Başsavcı mütalaasını verdi.
.
ANKARA -Yargıtay Cumhuriyet Başsavcısı Abdurrahman Yalçınkaya, AK Parti hakkındaki kapatma davasıyla ilgili esas hakkındaki görüşünü Anayasa Mahkemesi'ne gönderdi.
Alınan bilgiye göre, AK Parti'nin sunduğu ön savunmanın Yargıtay Cumhuriyet Başsavcılığı'na gönderilmesinin ardından 1 ay içinde esas hakkındaki görüşünü sunması gereken Yargıtay Cumhuriyet Başsavcısı Abdurrahman Yalçınkaya, yasal sürenin son gününde esas hakkındaki görüşünü yüksek mahkemeye bildirdi.
1 AY İÇİNDE ESAS SAVUNMA
Yargıtay Cumhuriyet Başsavcılığının esas hakkındaki görüşü AK Parti'ye gönderilecek, AK Parti de 1 ay içinde esas hakkındaki savunmasını yapacak.

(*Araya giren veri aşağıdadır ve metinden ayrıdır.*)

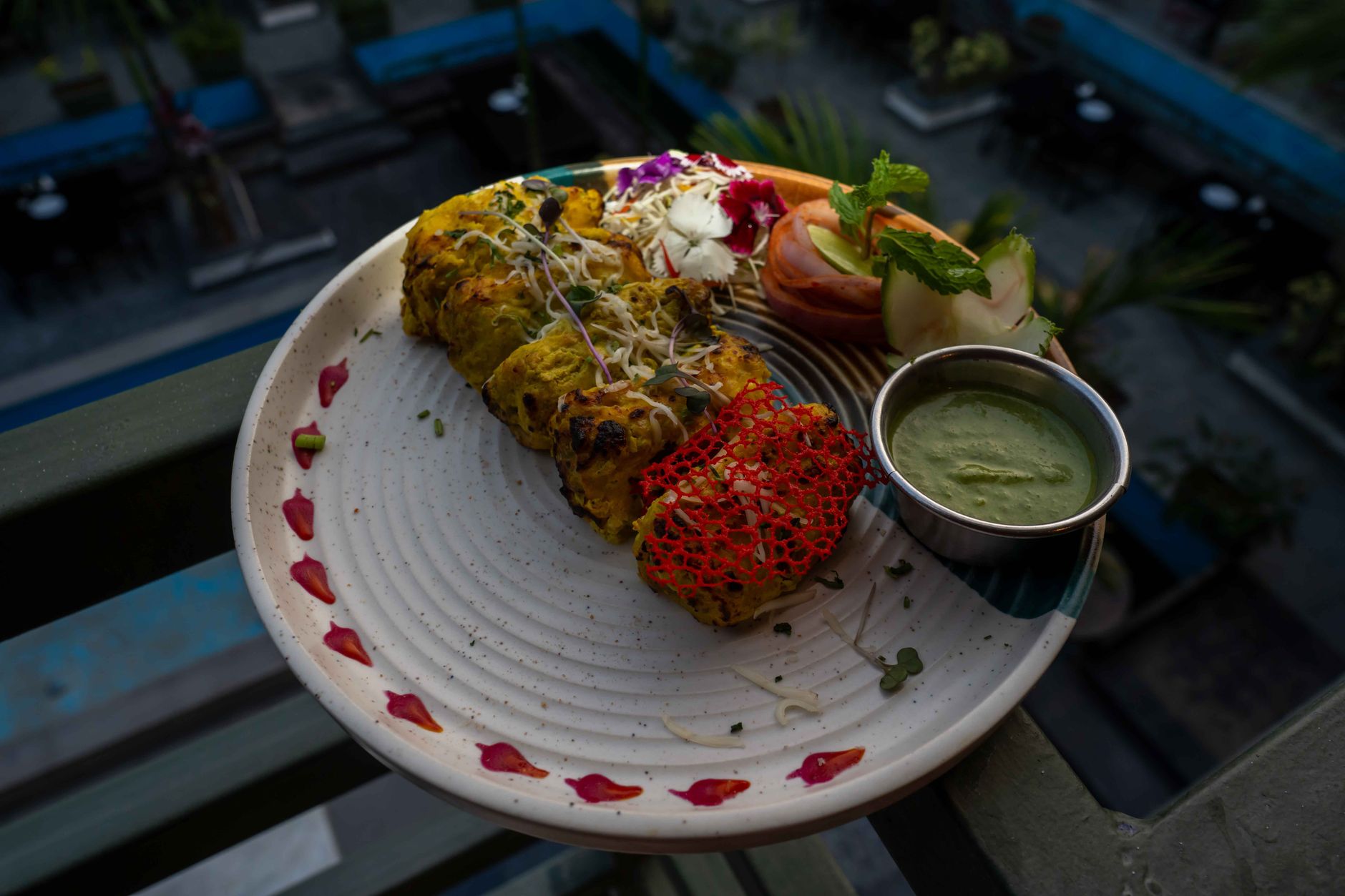 Close-up of golden tandoori grilled vegetables on a plate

Daha sonra belirlenecek bir tarihte Yalçınkaya sözlü açıklama, AK Parti yetkilileri de sözlü savunma yapacak. Bütün bu aşamalarda istenebilecek ek süre taleplerini Anayasa Mahkemesi değerlendirecek.
Bu sürecin ardından, davaya ilişkin bilgi, belgeleri toplayacak Anayasa Mahkemesi raportörü, esas hakkındaki raporunu hazırlayacak. Bu işlemler sürerken, gerek Yargıtay Cumhuriyet Başsavcılığı gerekse davalı AK Parti ek delil veya yazılı ek savunma verebilecek.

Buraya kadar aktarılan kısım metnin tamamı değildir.